Given hidden states \(X \in \mathbb{R}^{T \times d}\):

\[ Q = XW_Q,\quad K = XW_K,\quad V = XW_V \]

Per head attention:

\[ \text{Attn}(Q, K, V) = \text{softmax}\left(\frac{QK^T}{\sqrt{d_h}}\right)V \]

Autoregressive decoding generates one token at a time with causal masking.


📦2. Why KV Cache Is Needed

At decoding step \(t\), keys and values for tokens \(1 \ldots t-1\) are unchanged but would be recomputed without caching.

This repeated computation dominates inference latency and wastes FLOPs.


📦3. KV Cache Mechanism

For each transformer layer \(\ell\):

\[ \text{KVCache}_\ell = \{K_\ell^{1:t}, V_\ell^{1:t}\} \]

At decoding step \(t\):

  • Compute \(Q_t, K_t, V_t\)
  • Append \(K_t, V_t\) to the cache
  • Attend over all cached keys and values
\[ \text{Attn}_t = \text{softmax}\left(\frac{Q_t K_{1:t}^T}{\sqrt{d_h}}\right)V_{1:t} \]

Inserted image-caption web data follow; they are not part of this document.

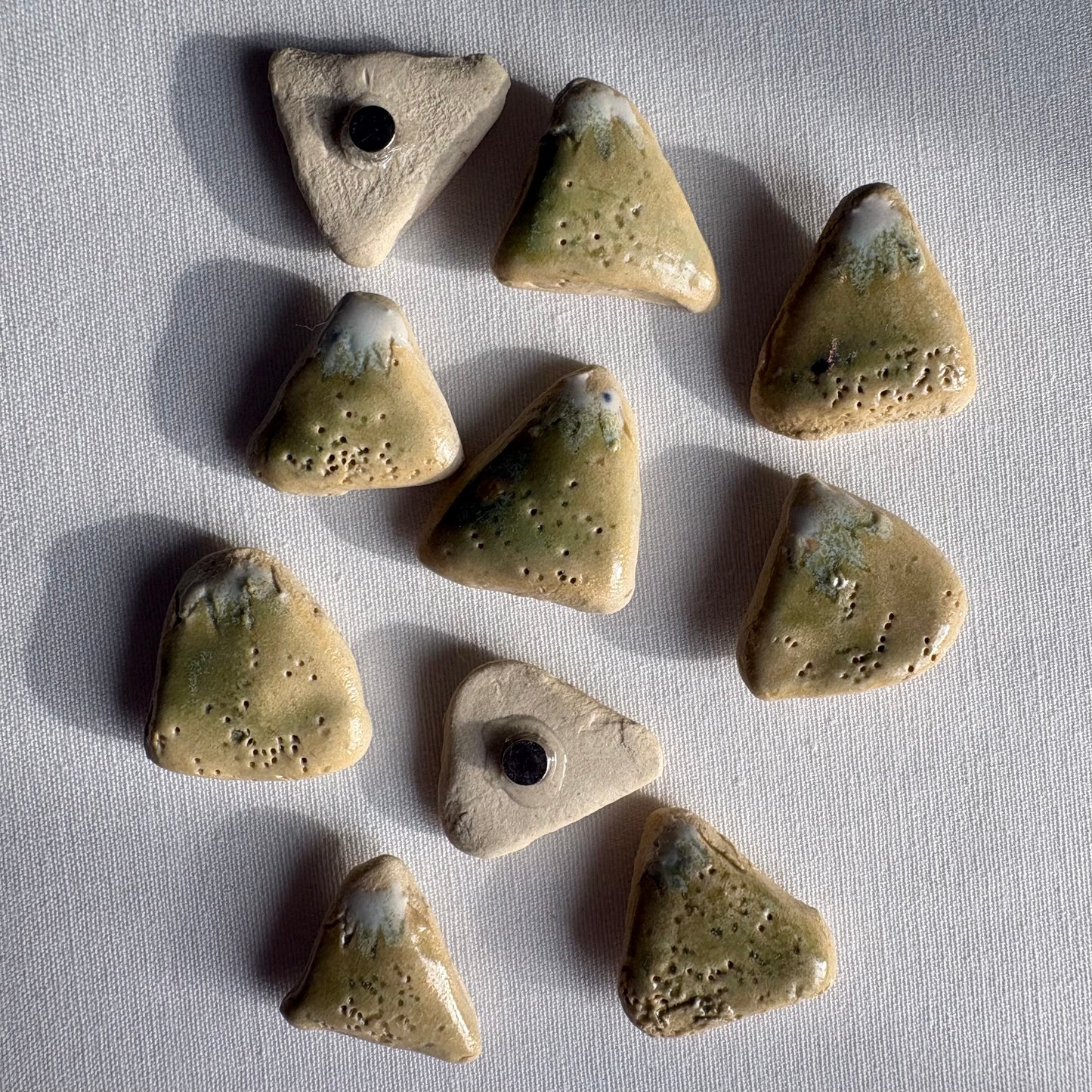 Tiny assorted ceramic magnets: Decorative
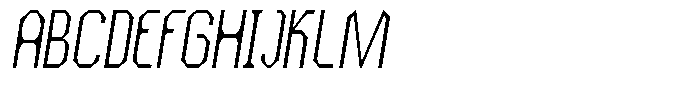 Dg Zakorn Extra Light Condensed Slanted Font UPPERCASE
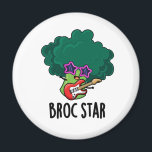 Broc Star Funny Brocolli Rock Star Pun マグネット<br><div class="desc">Broc Star おもしろい Brocolli Rock Star Punはエレキギターとスターサングラスで揺れる可愛いBrocoliを搭載。可愛いブロコリーパンを愛する家族や友人のための完璧なパンプギフト。</div>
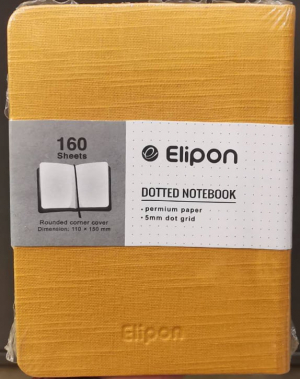 دفتر یادداشت 80 برگ نقطه ای ته دوخت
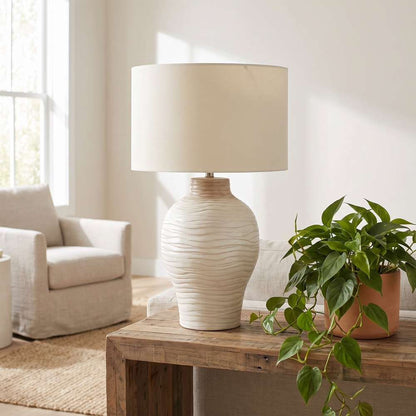 Bassett Mirror - Gala 31" Cream Ceramic Table Lamp - L4727T view 6
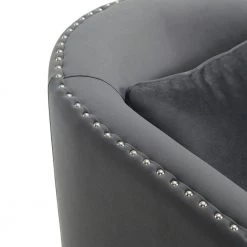 Gun Metal Zola Swivel Chair by Picket House Furnishings -Picket House Furnishings Sales Store gun metal picket house furnishings accent chairs ust1819102swe 76 1000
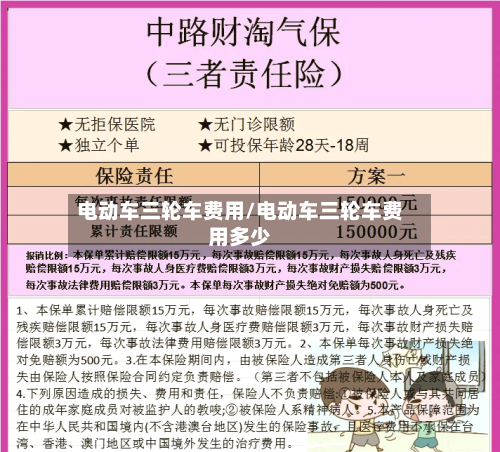 电动车三轮车费用/电动车三轮车费用多少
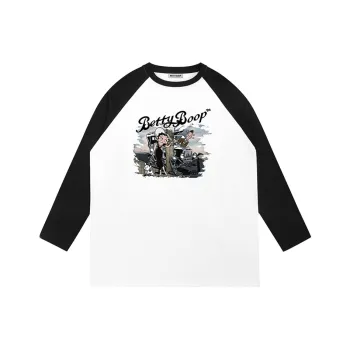 BETTY BOOP T Shirt Unisex White/Black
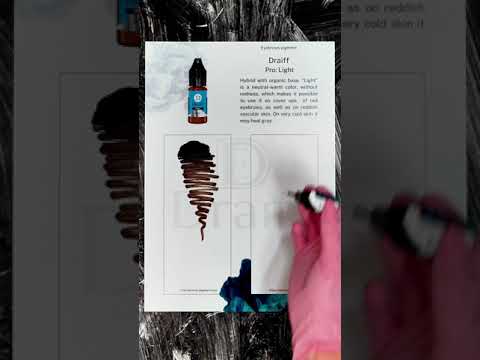 Draiff Pro for Eyebrows Light - Permanent Makeup Pigments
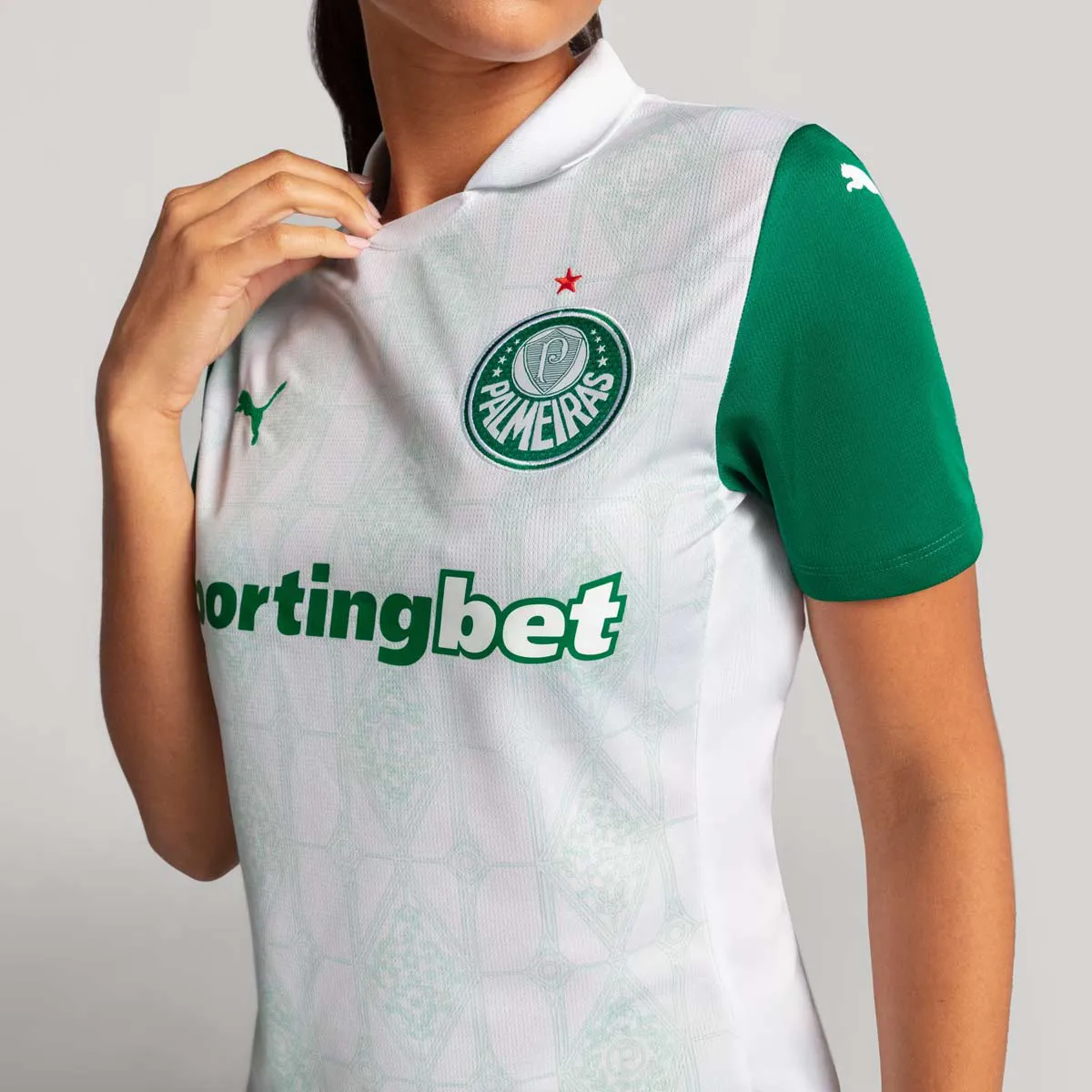 Camisa Palmeiras II Feminina - 2025/26 Branca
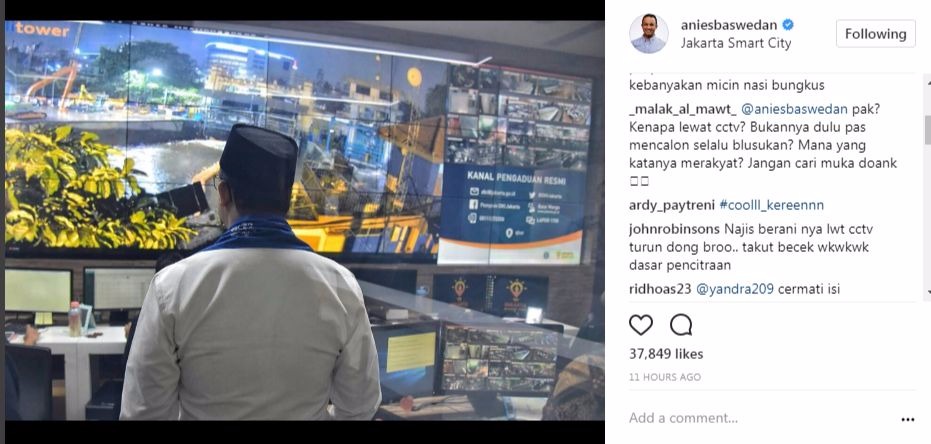 Anies Baswedan Kena Bulliyan Netizen Pantau Banjir Lewat Jakarta Smart City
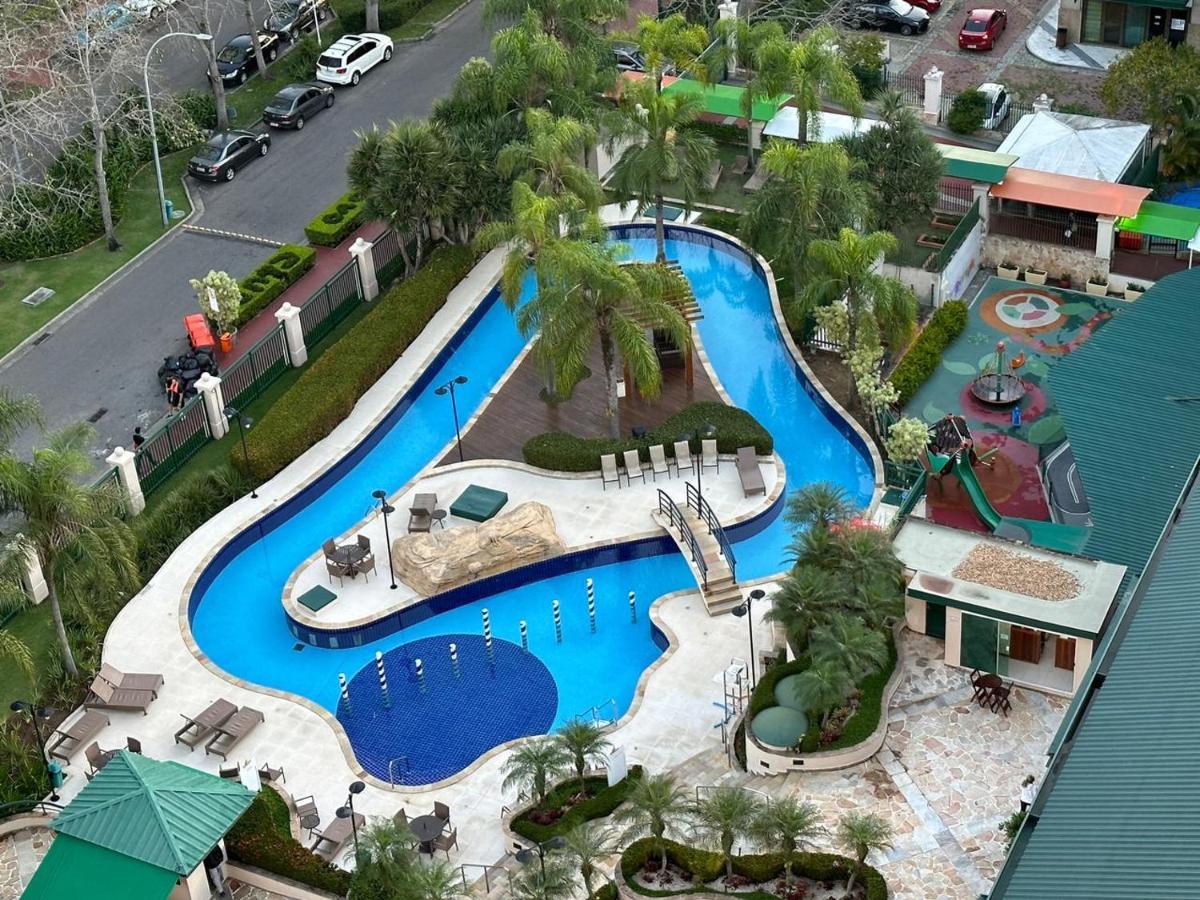 Flat Com Vista Panoramica -15- Na Barra Da Tijuca - Estacionamento Gratuito - Frigobar - Ar Condicionado - Piscina - Academia - Balsa Para Praia Gratis - Varanda - Vista Parcial Mar E Lagoa リオデジャネイロ エクステリア 写真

Only the current token requires new computation.


📦4. Toy Example

Prompt: "I like neural"

Step 1: generate "networks"

  • Compute and cache keys and values for the prompt
  • Attend to all cached tokens

Step 2: generate "models"

  • Reuse cached keys and values
  • Compute keys and values only for "networks"

Previously generated tokens are never recomputed.


📦5. Complexity Analysis

Notation

  • \(T\): number of generated tokens
  • \(L\): number of transformer layers
  • \(H\): number of attention heads
  • \(d_h\): head dimension

Without KV Cache

At each decoding step, attention is recomputed for all previous tokens:

\[ O(L \cdot H \cdot d_h \cdot T^3) \]

With KV Cache

Only attention against cached keys and values is computed:

\[ O(L \cdot H \cdot d_h \cdot T^2) \]

KV caching removes one full factor of \(T\) from decoding complexity.


📦6. Memory Cost

Each layer stores:

\[ K, V \in \mathbb{R}^{H \times T \times d_h} \]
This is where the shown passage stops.